Discendono da queste considerazioni due elementi fondamentali della filosofia bruniana: uno, tutta la materia è vita e la vita è nella materia, materia infinita; due, Dio non può essere al di fuori della materia semplicemente perché non esiste un "esterno" della materia: Dio è dentro la materia, dentro di noi.

De l'infinito, universo e mondi

Nel De l'infinito, universo e mondi Bruno riprende e arricchisce temi già affrontati nei dialoghi precedenti: la necessità di un accordo tra filosofi e teologi, perché «la fede si richiede per l'istituzione di rozzi popoli che denno esser governati»; l'infinità dell'universo e l'esistenza di mondi infiniti; la mancanza di un centro in un universo infinito, che comporta un'ulteriore conseguenza: la scomparsa dell'antico, ipotizzato ordine gerarchico, la «vanissima fantasia» che riteneva che al centro vi fosse il «corpo più denso e crasso» e si ascendesse ai corpi più fini e divini.

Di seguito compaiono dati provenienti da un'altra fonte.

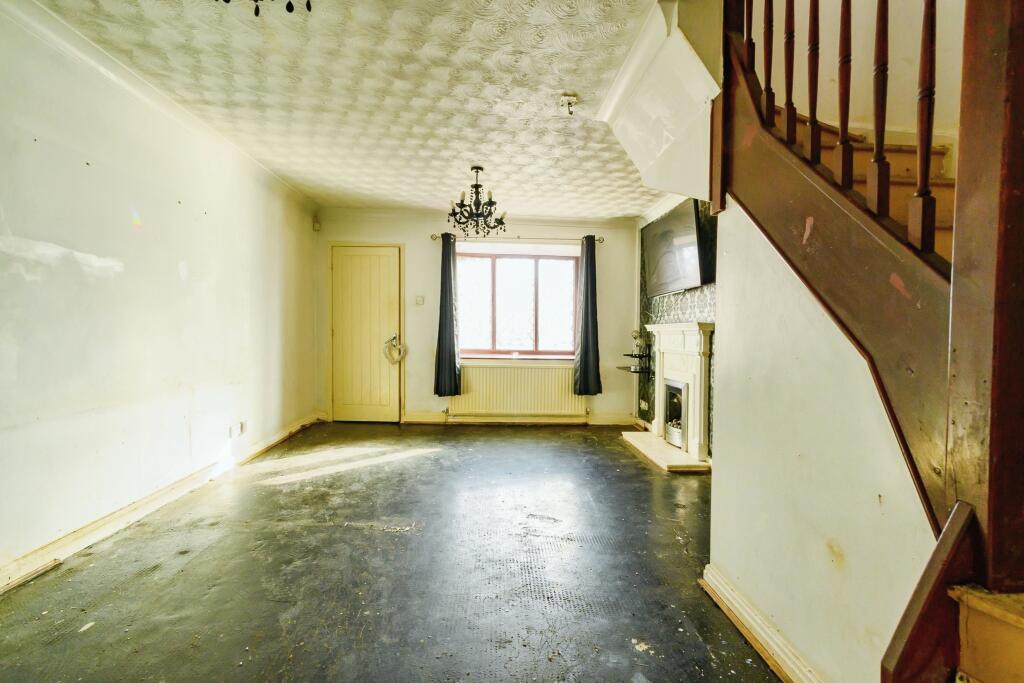 2 bed Semi-Detached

La concezione aristotelica è difesa ancora da quei dottori (i pedanti) che hanno fede nella «fama de gli autori che gli son stati messi nelle mani», ma i filosofi moderni, che non hanno interesse a dipendere da quello che dicono gli altri e pensano con la loro testa, si sbarazzano di queste anticaglie e con passo più sicuro procedono verso la verità.

Chiaramente un universo eterno, infinitamente esteso, composto di un numero infinito di sistemi solari simili al nostro e sprovvisto di centro sottrae alla Terra, e di conseguenza all'uomo, quel ruolo privilegiato che Terra e uomo hanno nelle religioni giudaico-cristiane all'interno del modello della creazione, creazione che agli occhi del filosofo non ha più senso, perché come già aveva concluso nei due dialoghi precedenti, l'universo è assimilabile a un organismo vivente, dove la vita è insita in una materia infinita che perennemente muta.